Mas foram as palavras do Alto Representante da União Europeia para a Política Externa, que mais irritaram a presidência tunisina. No final da reunião dos ministros dos Negócios Estrangeiros, Josep Borrell referiu-se a um perigo de "colapso" que provocaria fluxos migratórios para a União Europeia e instabilidade na zona do Mediterrâneo. A diplomacia tunisina emitiu de imediato uma nota alegando que os comentários de Borrell foram desproporcionados.
Ao longo da semana, Borrell foi sublinhando que a União Europeia não consegue ajudar um país que não consegue assinar um acordo com o Fundo Monetário Internacional. Mas a dimensão política, incluindo os discursos sobre migrações do Presidente tunisino Kais Saied, nunca foi ignorada pelo diplomata espanhol.
"A estabilidade política depende do desenvolvimento de instituições democráticas de forma inclusiva. O presidente tunisino desenvolveu um novo sistema político para o país, que recebeu apoio mitigado pelo número de tunisinos que compareceram às urnas – 11% nas últimas eleições parlamentares, menos de 30% para a nova Constituição. Precisamos de um desenvolvimento inclusivo", afirmou Borrell em conferência de imprensa em Bruxelas, referindo-se à acumulação de poder de Saied, eleito em 2019, todo poderoso desde 25 de Julho de 2021, quando dissolveu o Parlamento, demitiu o Governo e assumiu poderes constitucionais alargados. Desde então, a oposição não pára de denunciar detenções e perseguições políticas, como fez de resto no início de Março numa manifestação em Tunes pela libertação de activistas da oposição.
Em 2022, Saied submeteu a referendo uma proposta de Constituição, inclinando a Tunísia para o presidencialismo, com 90% de votos a favor. Mas a participação de apenas 30% do universo eleitoral colou-se à pele de Saied, vista a partir de críticos internos e analistas externos.

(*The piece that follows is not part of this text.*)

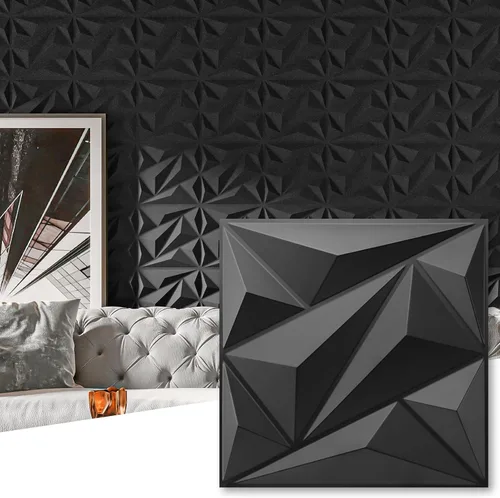 Vista 10 de Art3dwallpanels Paquete de 20 paneles de pared 3D para decoración de pared interior, 12 x 12 pulgadas, paneles de diamante blanco para sala de Nuevo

O coro de críticas ao Presidente subiu ainda mais quando numa intervenção pública a 21 de Fevereiro já deste ano, Saied defendeu "medidas urgentes" para travar a chegada à Tunísia de "migrantes clandestinos da África subsariana", associando-os a violência e crime no país e sobretudo a uma "organização criminal urdida no início do século para alterar a composição demográfica da Tunísia", deixando esta alegadamente de ser árabe-muçulmana para ser um país "apenas africano". Os comentários presidenciais agitaram a sociedade e sobretudo a comunidade imigrante subsariana na Tunísia.
Paradoxalmente, do outro lado do Mediterrâneo, há uma líder política com retórica anti-imigração que teme a tempestade perfeita composta por caos económico, descontrolo migratório e instabilidade regional. Chama-se Giorgia Meloni, que saiu de Bruxelas esta semana a dizer que "nem toda a gente" está a ver um filme que as costas italianas reconhecem à luz da estatística corrente: 20 mil migrantes já chegaram de barco este ano pela perigosa travessia do Mediterrâneo , dos quais 12 mil partiram exactamente da Tunísia, por comparação com 1300 do mesmo período de 2022.